Effective leaders do not use their position or title to lead. They lead because they are focused on helping their followers to succeed. Followers seek leaders who influence them. So how do leaders create this influence? Here are five ways leaders get people to follow them. 

Lifeguard

Ineffective Leadership

Early in my professional career, I had a boss who had tremendous influence over me and everyone on his staff. He enjoyed confrontation and challenging people. He did not earn his influence, but rather used the power of his title to lead through intimidation. It was hard to give extra energy to my boss because he sucked so much energy from me through his demands.

Effective Leadership

One of the best bosses I ever had, Tom, was when I was in my early teens and was a lifeguard at our local pool. The entire staff (including me) would do anything for Tom. There were several reasons he had such influence over me including these five principles he applied to his leadership.

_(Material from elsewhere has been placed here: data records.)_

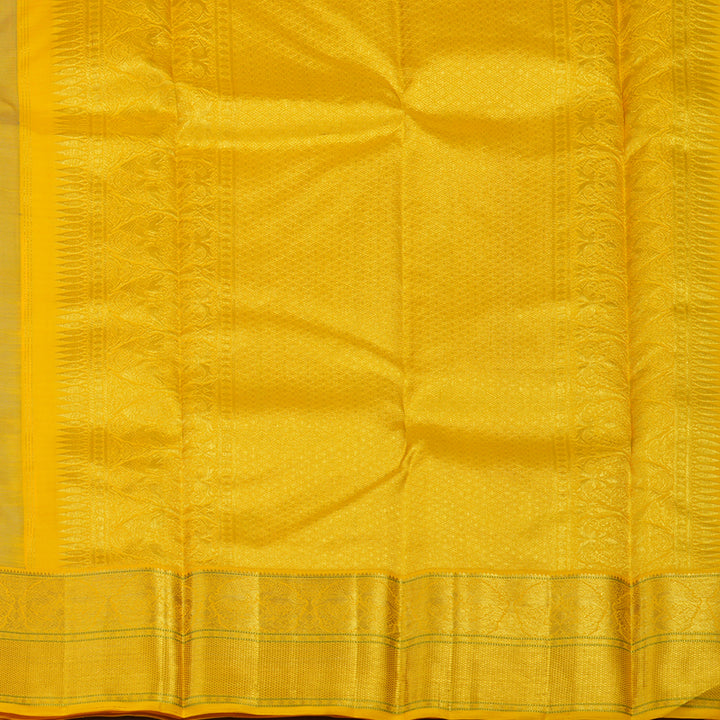 Hayagrivas Handloom Dark Grey Kanjivaram Silk Saree with Yellow Border KBE1861L21-1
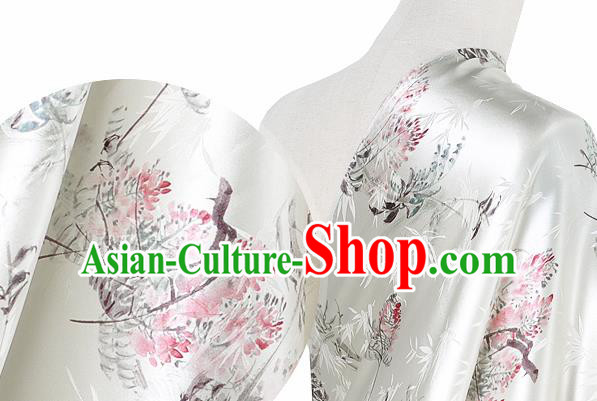 Chinese Classical Bamboo Leaf Pattern Design White Silk Fabric Asian Traditional Hanfu Mulberry Silk Material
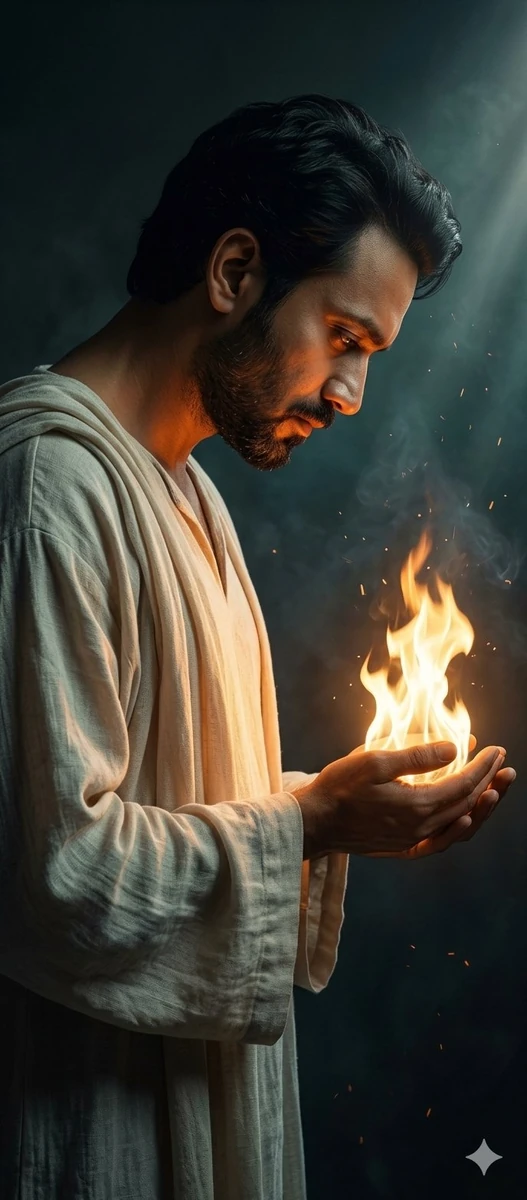 A cinematic dark fantasy portrait of a young male figure seen in dramatic...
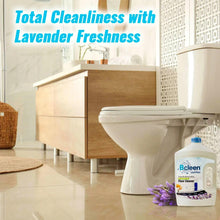 Disinfectant floor cleaner bottle with blue cap and lavender label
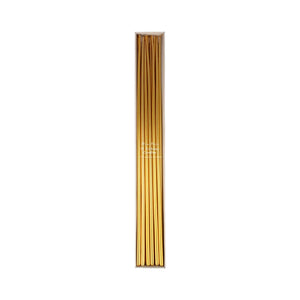 Gold tall tapered candles sold at ALittleConfetti, by Meri Meri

  1. I knew he cared about me. “People don’t care how much you know until they know how much you care.” – Theodore Roosevelt. Sure, Tom was smart and had the experience to run the pool, but because he cared about me he gained immediate credibility to ask me to do just about anything. He knew my family, the activities I was involved in in high school, what I liked to do and didn’t like to do, who my friends were, jobs I liked (or was good at doing) and jobs I didn’t like (or wasn’t good at doing). When I knew he knew all this about me, I knew he cared about me.
  2. He did not make me follow him. Of course, I respected his position, but never did I feel his position was a driver for doing my job. Tom was part of the staff that just so happened to be responsible for the results at the pool, and I wanted to be part of his team.
  3. He helped me come to my own conclusions. He discussed with the staff, and we practiced scenarios that could happen at the pool. We discussed and practiced everything from a chlorine leak (which is very bad), to words to use with an irate patron, to saving a drowning victim, to picking up trash that we notice. He also would discuss these scenarios one-on-one with me when there was opportunity, and he asked me what I would do. Not to catch me making a mistake, but to give me confidence that I knew what do to (and what he expected me to do).
  4. When necessary, he simply made decisions that needed to be made. Leaders can’t always influence to make their own decisions. Sometimes leaders need to make a decision. There were some cases that there was no obvious best decision, but because of limited time, or the decision was bigger than anyone on the staff should have to make, Tom simply decided and announced his decision. Even if it was a bad decision, as the leader making a bad decision and owning it is better than making no decision. Making decisions in these times increased my respect for him.
  5. Tom did not ask me or anyone to do anything he wouldn’t do himself. Often times I would show up to work before the pool opened finding Tom pulling weeds, or mowing the grass, or cleaning toilets, or taking trash out, or trimming bushes, or cleaning the check-in counter. There was no limit to the “low life” jobs he would do. So, when he asked me or anyone else to clean the soda pop sticky mess, or the mildew under the diving board, or the diaper left in the baby pool area, I simply did it. And, I know anyone else on the staff would have done it too (because I saw them do it).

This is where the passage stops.